401 Mass. 776, 780 n.5 (1988). This statement of law certainly means that a new cause of action for libel accrues as to this republication from the date of the republication, but that new cause of action accrues only against the republisher — here, the defendants Tye and Crown Publishing Company. The moving defendants did not republish the allegedly libelous information in the GAL Report; nor is there any evidence that they were responsible for Tye obtaining a copy of the Report. Therefore, they cannot be said to have republished the allegedly libelous statements in the Tye biography.

Vondra argues that, since Tye quoted from the GAL Report, a cause of action newly accrues upon the publication of Tye’s biography against those persons who provided the information in the GAL Report that Tye repeated. The flaw in this argument is that a new cause of action for libel accrues upon republication because the person choosing to republish has repeated a defamatoiy statement. The person the republisher happens to quote has neither said nor written anything new to injure the plaintiff nor has the person quoted herself repeated her statement. Rather, the republisher simply found an earlier statement and reprinted it. If the reprinting of earlier statements were enough to trigger a fresh three-year statute of limitations, the limitations period would offer no repose because a ten-year-old statement could be resurrected into a new cause of action without the person making the ten-year-old statement saying or doing anything to harm the plaintiff.

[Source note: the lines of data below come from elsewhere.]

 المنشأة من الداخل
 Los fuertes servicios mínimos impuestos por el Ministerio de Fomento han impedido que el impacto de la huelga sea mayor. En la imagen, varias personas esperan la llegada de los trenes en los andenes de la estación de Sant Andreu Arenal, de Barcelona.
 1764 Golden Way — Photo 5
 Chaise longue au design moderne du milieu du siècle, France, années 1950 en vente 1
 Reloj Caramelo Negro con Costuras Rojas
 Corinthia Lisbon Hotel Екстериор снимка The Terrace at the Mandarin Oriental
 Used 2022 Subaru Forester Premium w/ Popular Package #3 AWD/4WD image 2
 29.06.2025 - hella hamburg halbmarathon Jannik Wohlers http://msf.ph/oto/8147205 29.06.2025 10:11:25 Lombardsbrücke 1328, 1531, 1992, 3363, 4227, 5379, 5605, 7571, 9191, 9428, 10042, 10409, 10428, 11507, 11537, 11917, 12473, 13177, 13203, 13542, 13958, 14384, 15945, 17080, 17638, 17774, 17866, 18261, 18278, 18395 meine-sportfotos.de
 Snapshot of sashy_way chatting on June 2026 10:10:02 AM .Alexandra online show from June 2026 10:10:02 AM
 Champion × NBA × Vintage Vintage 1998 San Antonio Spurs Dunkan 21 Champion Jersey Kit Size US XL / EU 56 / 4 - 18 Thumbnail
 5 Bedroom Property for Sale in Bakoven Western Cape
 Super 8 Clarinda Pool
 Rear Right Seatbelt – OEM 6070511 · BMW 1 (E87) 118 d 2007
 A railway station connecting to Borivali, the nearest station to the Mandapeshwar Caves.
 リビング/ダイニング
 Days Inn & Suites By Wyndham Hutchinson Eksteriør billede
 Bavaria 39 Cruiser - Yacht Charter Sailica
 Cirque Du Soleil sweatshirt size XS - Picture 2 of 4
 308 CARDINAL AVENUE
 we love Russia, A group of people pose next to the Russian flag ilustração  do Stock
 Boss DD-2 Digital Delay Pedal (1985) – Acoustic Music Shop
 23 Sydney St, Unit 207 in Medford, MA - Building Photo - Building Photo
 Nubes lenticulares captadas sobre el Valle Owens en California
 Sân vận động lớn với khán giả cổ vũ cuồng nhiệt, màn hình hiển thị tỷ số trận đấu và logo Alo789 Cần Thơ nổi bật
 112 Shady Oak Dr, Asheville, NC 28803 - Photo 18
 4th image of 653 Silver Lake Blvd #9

Second, since the Probate Court appointed Kaloustian as GAL and directed her to prepare a GAL Report, she was performing a quasi-judicial function in investigating and writing the GAL Report and is protected from defamation claims arising from that Report by the doctrine of absolute judicial immunity. LaLonde v. Eisner, 405 Mass. 207, 210-11 (1989). Since the defamation claims against Held, Kaplan, Sotheby’s, and Ward are premised on statements allegedly made to Kaloustian during the investigation she conducted in preparing her GAL Report for a pending judicial proceeding, these statements were made in the course of a quasi-judicial proceeding and must enjoy the same absolute privilege as statements made by witnesses during the course of trial. See Correllas v, Viveiros, 410 Mass. 314, 319-24 (1991). There can be little doubt that the ability of a GAL to prepare a report, especially in hotly contested cases, would be significantly impaired if the GAL herself could be sued for libel based on her findings, or if the witnesses she questioned risked a defamation suit if they provided information to the GAL.

ORDER

For the reasons stated above, the motions for summary judgment brought by the defendants Held, Kaplan, Sotheby’s, Ward, or Kaloustian are ALLOWED as to all claims in the complaint. 
      
      iye cites both the GAL Report and an interview with Doris Held in 1996 as the source for this information.
     
      
      Vondra in this count also claimed a violation of G.L.c. 93, §102, which grants all persons in the Commonwealth, regardless of their gender, race, creed, or national origin, the same rights enjoyed by white male citizens. Vondra has failed to articulate how any of the defendants have violated this provision of law.
     
      
      This Court recognizes that these defendants also moved for sanctions under G.L.c. 231, §6F. That motion, however, may be brought only after a decision has been rendered by the Court as to the merits of the underlying complaint. With this grant of summary judgment to these defendants, that motion maybe renewed and a hearing requested, as required under §6F.